### Directions
Leaving the pictures aside, return all of the data below exactly.

=======

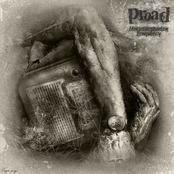 Metamorphosing Frequency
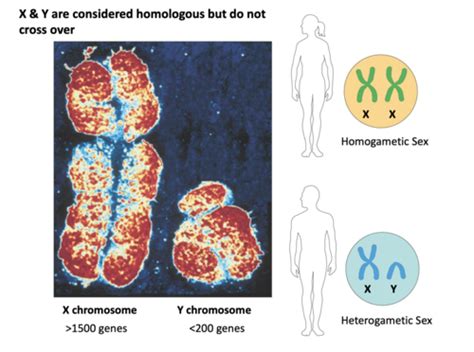 Sex Chromosomes And Inheritance Flashcards Quizlet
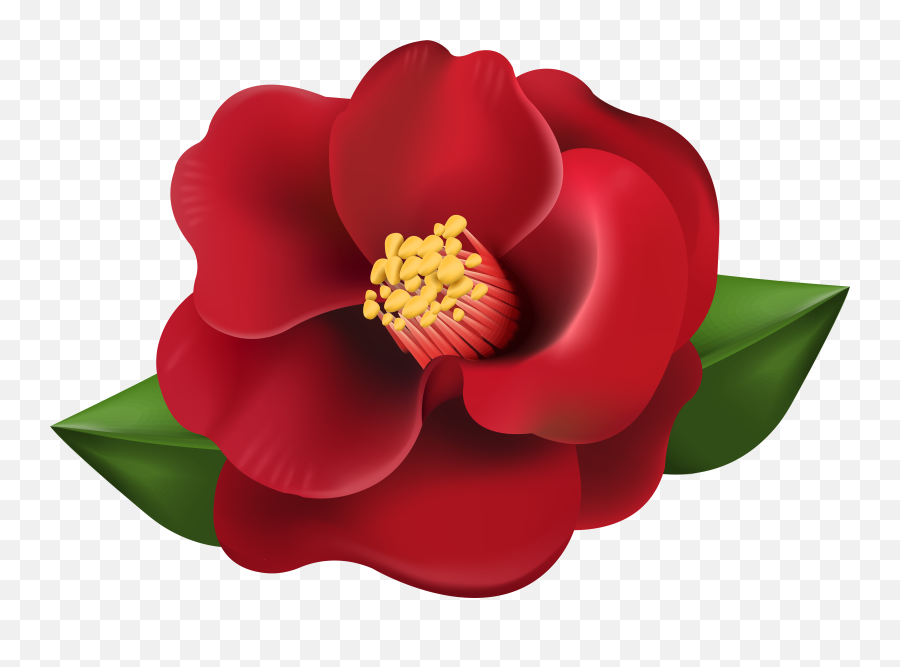 Picture - Transparent Red Flower Clipart Png,Japanese Flower Png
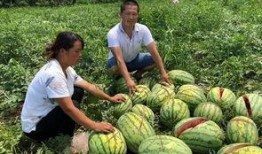 文县网红吃瓜事件真相,真相背后的网络风波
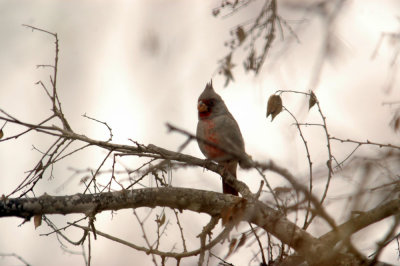 1223bbnature 190pyrrhuloxia.jpg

=======

### Answer to this exercise
 Metamorphosing Frequency
 Sex Chromosomes And Inheritance Flashcards Quizlet
 Picture - Transparent Red Flower Clipart Png,Japanese Flower Png
 文县网红吃瓜事件真相,真相背后的网络风波
 1223bbnature 190pyrrhuloxia.jpg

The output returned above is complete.